INPUT MATERIAL section start
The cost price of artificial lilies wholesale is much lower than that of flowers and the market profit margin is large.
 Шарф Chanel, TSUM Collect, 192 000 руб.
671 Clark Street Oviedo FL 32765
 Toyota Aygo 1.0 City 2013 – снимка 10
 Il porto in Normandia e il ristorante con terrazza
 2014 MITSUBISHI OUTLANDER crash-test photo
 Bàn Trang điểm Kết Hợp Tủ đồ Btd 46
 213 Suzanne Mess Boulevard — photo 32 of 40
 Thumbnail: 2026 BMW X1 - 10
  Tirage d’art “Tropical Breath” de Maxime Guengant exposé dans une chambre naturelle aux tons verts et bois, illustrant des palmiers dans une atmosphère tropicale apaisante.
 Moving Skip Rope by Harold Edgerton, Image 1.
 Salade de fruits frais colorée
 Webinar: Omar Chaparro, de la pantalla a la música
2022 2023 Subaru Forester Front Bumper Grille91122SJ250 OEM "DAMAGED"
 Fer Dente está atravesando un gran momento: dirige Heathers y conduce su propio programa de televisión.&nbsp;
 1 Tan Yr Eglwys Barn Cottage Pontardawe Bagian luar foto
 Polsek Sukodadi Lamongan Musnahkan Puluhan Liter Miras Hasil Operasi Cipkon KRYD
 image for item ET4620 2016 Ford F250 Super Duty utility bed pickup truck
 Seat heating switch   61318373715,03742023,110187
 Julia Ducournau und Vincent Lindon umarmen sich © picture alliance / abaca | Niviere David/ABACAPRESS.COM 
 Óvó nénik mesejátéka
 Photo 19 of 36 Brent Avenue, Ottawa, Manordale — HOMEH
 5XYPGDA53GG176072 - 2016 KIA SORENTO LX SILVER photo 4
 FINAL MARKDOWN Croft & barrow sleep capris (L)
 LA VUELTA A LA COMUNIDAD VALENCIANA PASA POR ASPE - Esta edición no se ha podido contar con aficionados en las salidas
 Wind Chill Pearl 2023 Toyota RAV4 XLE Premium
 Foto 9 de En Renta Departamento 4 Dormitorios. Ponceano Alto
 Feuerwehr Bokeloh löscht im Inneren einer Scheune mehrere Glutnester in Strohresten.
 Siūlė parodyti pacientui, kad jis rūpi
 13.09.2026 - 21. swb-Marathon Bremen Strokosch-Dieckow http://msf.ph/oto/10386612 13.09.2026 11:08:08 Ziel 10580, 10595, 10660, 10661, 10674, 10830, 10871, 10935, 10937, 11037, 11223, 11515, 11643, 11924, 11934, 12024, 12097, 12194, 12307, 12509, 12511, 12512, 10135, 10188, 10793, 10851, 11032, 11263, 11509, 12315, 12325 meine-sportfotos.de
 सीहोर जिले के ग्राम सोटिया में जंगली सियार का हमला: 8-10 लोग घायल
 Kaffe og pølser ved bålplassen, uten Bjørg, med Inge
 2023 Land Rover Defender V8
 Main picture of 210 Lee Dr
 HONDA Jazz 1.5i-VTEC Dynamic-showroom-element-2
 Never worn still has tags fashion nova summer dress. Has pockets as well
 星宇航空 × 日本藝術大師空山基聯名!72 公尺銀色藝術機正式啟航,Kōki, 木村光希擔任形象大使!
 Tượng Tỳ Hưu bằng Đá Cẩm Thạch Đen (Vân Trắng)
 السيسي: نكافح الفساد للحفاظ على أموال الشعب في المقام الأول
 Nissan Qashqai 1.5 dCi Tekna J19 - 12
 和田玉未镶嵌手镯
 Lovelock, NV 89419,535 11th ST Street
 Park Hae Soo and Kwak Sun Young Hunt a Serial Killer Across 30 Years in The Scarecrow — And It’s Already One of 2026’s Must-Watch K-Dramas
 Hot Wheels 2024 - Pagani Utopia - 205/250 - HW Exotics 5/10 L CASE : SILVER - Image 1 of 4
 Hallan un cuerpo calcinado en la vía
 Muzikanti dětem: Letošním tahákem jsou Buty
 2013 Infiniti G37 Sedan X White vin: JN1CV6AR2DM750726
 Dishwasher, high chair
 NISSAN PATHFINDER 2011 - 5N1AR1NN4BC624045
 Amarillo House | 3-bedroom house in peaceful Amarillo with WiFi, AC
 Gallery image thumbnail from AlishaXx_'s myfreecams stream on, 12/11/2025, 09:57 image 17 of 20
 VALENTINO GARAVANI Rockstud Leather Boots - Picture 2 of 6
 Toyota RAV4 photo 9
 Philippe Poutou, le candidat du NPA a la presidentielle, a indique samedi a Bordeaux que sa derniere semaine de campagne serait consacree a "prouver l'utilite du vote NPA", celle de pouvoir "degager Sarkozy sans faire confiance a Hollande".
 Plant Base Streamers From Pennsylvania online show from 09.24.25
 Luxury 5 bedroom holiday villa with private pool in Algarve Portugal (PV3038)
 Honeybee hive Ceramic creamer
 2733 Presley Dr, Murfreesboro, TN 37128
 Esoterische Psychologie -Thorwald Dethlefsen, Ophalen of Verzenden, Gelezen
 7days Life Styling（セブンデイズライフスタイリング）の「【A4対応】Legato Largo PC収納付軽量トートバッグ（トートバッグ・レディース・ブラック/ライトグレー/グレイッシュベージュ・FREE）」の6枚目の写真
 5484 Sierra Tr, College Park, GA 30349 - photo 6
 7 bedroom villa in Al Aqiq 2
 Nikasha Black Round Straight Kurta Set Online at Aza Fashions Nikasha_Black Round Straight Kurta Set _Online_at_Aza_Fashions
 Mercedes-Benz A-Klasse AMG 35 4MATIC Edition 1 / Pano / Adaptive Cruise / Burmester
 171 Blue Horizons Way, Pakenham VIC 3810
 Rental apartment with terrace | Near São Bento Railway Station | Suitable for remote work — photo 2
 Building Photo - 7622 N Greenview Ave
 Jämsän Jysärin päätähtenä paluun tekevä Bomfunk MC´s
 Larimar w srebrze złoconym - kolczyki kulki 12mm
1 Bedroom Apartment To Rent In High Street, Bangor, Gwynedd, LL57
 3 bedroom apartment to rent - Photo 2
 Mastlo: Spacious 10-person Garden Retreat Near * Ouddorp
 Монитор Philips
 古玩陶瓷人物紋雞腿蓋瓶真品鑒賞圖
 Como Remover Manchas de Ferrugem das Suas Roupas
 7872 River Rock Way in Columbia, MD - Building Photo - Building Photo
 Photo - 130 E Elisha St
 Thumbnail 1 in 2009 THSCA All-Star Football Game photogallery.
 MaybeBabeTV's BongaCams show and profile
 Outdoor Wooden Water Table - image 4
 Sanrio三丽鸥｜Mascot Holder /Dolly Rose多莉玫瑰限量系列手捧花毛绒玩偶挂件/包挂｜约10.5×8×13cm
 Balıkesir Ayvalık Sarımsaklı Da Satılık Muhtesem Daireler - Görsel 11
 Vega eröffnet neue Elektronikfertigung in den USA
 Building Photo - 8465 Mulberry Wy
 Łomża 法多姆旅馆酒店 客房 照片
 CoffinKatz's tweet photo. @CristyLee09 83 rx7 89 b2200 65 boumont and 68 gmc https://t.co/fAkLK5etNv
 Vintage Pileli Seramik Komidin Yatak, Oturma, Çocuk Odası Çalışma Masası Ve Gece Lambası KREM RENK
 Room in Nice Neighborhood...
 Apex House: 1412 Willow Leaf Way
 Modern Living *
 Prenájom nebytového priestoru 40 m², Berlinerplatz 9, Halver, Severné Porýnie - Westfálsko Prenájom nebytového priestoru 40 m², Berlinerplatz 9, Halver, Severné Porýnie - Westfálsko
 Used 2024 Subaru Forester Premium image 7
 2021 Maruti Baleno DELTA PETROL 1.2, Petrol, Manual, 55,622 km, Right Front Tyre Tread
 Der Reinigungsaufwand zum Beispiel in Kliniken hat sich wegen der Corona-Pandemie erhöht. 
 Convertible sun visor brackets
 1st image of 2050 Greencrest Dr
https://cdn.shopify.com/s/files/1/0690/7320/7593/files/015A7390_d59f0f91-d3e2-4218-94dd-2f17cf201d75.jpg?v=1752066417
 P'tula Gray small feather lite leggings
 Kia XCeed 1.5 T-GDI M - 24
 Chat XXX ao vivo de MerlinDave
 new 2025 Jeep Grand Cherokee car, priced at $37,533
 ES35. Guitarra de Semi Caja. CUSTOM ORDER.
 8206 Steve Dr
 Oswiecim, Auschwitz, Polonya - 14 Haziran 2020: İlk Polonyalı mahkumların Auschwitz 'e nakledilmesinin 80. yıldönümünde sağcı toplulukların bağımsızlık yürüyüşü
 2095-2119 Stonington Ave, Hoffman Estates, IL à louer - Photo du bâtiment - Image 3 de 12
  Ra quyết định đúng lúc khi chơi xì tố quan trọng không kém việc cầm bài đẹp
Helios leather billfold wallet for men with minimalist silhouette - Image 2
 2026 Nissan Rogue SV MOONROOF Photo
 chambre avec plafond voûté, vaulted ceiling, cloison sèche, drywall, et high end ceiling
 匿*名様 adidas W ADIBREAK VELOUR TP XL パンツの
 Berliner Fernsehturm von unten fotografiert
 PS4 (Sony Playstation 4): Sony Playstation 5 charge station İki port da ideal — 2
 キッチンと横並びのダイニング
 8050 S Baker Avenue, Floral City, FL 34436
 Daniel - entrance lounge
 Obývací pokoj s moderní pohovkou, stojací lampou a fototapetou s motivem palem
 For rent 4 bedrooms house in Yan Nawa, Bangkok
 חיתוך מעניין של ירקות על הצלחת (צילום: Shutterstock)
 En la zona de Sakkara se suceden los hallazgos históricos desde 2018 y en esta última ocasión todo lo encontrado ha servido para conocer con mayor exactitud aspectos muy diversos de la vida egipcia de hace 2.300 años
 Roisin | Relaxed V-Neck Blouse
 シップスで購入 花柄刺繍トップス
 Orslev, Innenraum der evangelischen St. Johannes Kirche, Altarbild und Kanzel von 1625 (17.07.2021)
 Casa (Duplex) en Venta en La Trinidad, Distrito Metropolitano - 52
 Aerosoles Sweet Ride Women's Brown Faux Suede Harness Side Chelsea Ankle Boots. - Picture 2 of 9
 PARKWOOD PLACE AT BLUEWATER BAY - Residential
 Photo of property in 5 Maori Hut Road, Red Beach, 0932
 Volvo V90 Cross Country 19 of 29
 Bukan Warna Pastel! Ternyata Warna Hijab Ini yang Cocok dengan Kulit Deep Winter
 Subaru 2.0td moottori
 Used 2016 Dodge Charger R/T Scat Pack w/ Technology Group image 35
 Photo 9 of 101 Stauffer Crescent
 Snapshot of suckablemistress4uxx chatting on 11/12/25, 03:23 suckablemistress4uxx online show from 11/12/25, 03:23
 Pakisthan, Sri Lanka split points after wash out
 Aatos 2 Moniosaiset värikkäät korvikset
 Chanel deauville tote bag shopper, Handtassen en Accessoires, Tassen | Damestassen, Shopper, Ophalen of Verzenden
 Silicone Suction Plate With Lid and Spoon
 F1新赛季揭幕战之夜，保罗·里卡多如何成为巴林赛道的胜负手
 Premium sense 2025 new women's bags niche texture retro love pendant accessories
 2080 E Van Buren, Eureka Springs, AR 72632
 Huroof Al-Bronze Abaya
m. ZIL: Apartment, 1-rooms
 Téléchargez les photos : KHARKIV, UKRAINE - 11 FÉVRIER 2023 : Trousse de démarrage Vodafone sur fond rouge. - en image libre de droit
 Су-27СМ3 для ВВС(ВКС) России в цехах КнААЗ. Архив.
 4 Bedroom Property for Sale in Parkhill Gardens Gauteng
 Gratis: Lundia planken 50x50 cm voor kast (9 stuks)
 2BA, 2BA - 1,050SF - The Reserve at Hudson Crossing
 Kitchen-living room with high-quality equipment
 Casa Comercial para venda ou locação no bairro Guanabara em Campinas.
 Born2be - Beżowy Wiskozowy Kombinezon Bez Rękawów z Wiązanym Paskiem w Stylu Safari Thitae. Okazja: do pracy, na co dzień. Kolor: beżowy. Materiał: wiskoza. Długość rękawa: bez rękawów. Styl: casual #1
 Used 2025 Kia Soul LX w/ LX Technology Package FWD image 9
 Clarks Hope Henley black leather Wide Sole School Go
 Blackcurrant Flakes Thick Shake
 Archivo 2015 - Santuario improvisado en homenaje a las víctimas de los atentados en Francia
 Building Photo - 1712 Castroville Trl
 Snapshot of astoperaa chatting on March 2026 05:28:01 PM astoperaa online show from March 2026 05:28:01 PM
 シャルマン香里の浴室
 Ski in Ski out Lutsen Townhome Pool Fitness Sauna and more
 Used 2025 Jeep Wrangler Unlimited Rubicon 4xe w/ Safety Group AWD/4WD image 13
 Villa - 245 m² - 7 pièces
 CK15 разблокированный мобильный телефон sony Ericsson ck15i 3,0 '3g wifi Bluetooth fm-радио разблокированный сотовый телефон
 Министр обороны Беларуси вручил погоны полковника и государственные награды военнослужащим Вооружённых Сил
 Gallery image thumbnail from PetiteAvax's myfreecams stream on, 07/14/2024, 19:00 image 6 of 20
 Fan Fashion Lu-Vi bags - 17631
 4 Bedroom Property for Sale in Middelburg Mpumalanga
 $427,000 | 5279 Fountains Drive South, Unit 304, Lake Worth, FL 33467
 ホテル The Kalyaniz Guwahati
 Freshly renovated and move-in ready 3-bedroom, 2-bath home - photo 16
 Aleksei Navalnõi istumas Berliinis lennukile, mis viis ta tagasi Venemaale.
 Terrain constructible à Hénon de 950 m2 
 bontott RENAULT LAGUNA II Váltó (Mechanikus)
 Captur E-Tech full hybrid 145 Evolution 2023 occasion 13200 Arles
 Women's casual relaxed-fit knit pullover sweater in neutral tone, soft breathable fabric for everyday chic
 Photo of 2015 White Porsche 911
INPUT MATERIAL section end
■ TASK BRIEF
Using the entries above, work out the number of lines containing the string "Snapshot", and supply only that number.

■ WRITTEN REPLY
2